Twitter’s API let’s us download a user’s most recent tweets (3,200 minus retweets). The graph below illustrates when each tweet in our dataset was posted.

ggplot(tweets, aes(x = created, y = paste0(name, " (", party, ")"))) +
    geom_jitter(width = 0, size = 0.5) +
    theme_bw() +
    ylab("") +
    xlab("")

I want to make sure we focus on an overlapping time period so our model doesn’t pick up on unique words in Mitch McConnell’s early tweets.

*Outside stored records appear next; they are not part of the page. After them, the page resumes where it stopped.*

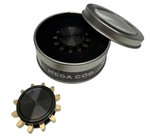 Kaiko Sensory - Mega Cog - Black (40g)-sensory-The Games Shop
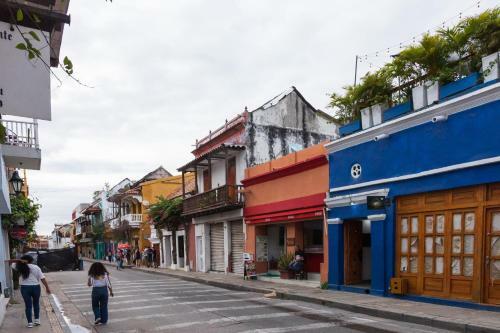 Hostal Seven Nights Cartagena
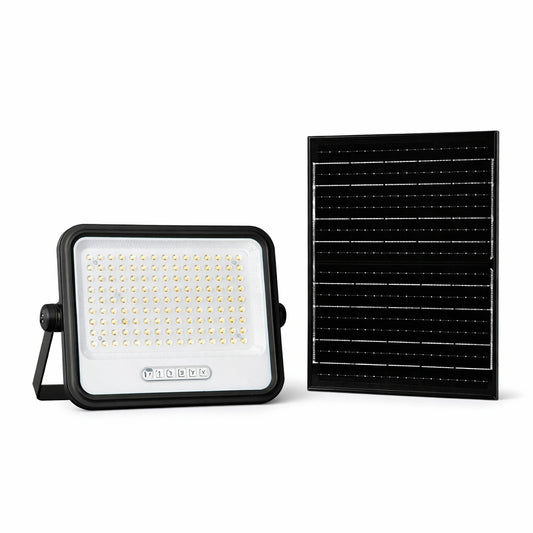 300W LED Соларен Прожектор 2000K-8000K Черно Тяло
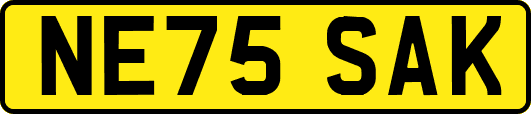 NE75SAK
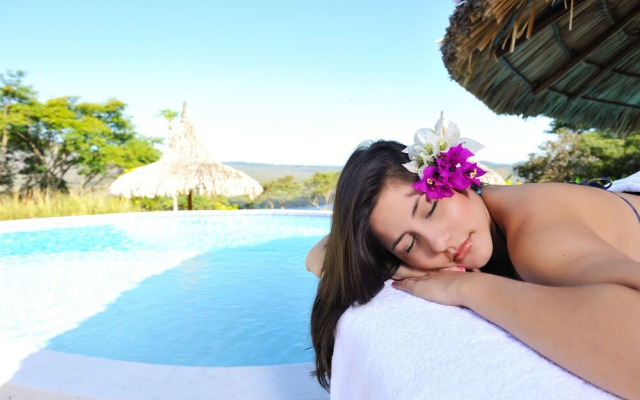 Hacienda Puerta Del Cielo Ecolodge & Spa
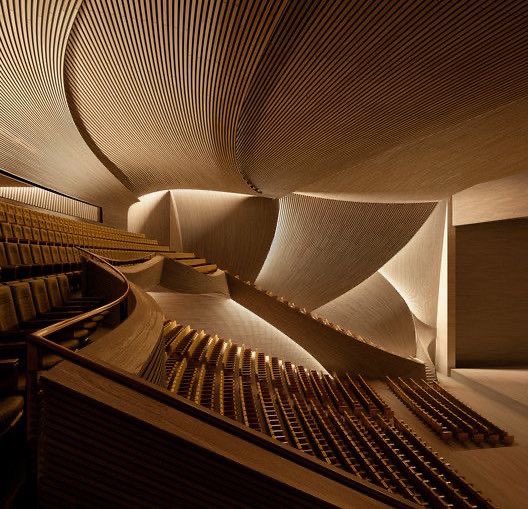 luusssso's tweet photo. Ethereal spaces by Japanese architect Kengo Kuma https://t.co/jxnBA3yr8p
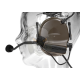 Comtac II Headset Military Standard Plug - Foliage Green -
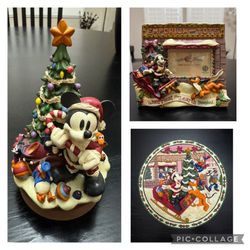 Disney Christmas 3 Piece Set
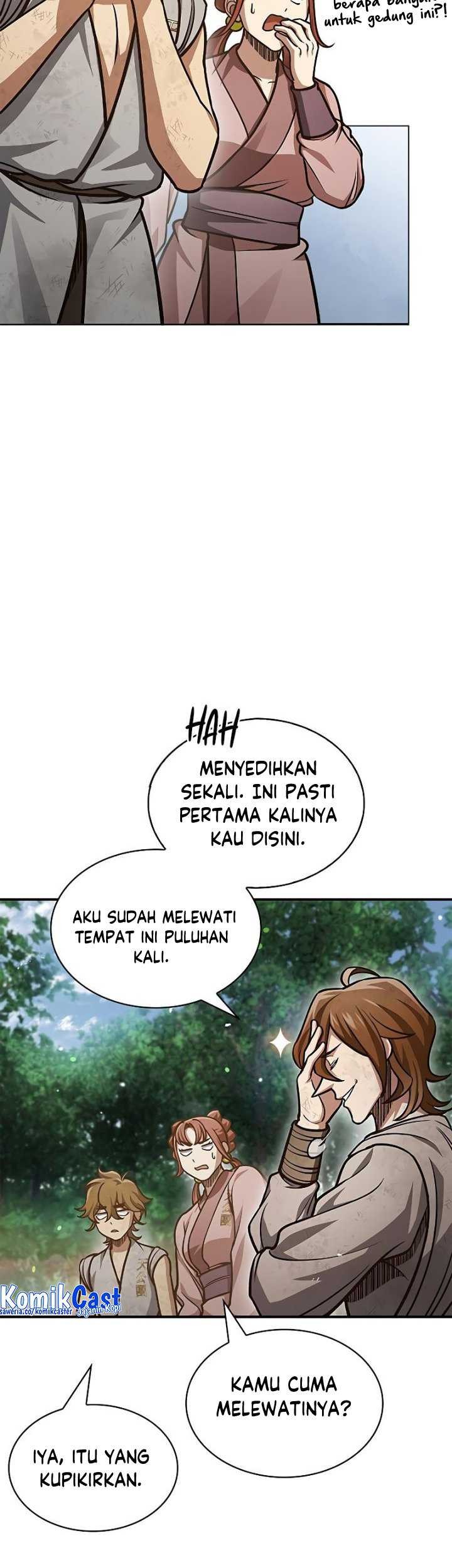 Heavenly Grand Archive’s Young Master Chapter 47 Gambar 38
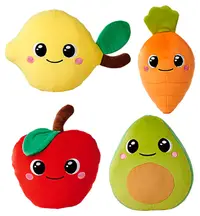 Jucărie de pluș Simba - Squeezlings, 20 cm, sortiment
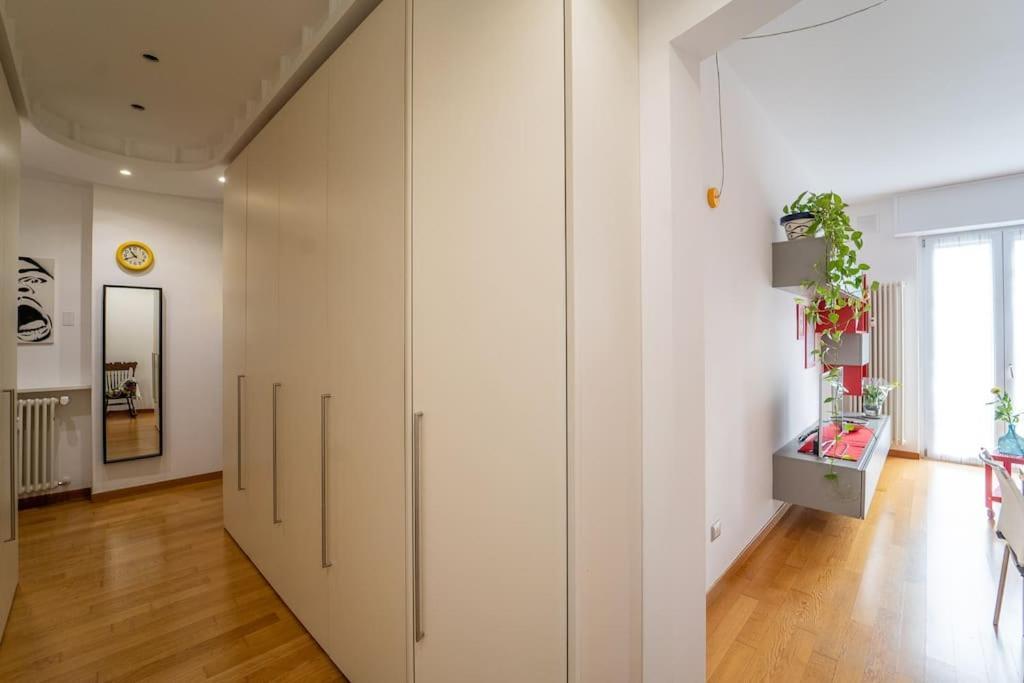 Appartamento A 500 Metri Da San Siro ミラノ エクステリア 写真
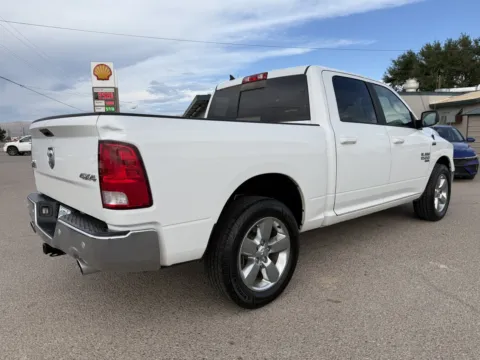 More photos of 2019 RAM 1500 CLASSIC SLT at Justin's Motor Company, NM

common_time_period <- function(tweets) {
    x <- tweets %>%
        group_by(republican) %>%
        summarise(first = min(created))
    start <- max(x$first)
    cat("I restrict the analysis to tweets since ", as.character(start), ".", sep = "")

    tweets %>%
        filter(created >= start)
}

tweets <- common_time_period(tweets)

I restrict the analysis to tweets since 2017-03-30 01:06:54.

Convert Text to Numbers

I use the tidytext library to create dummy variables indicating whether a word was used in a given tweet.

library(tidytext)
library(rlang)

expand_text_into_dummy_variables <- function(.data, text_column, id_column, cutoff, ignore) {
    id_column <- enquo(id_column)
    text_column <- enquo(text_column)

    .data <- .data %>% select(-starts_with("word_"))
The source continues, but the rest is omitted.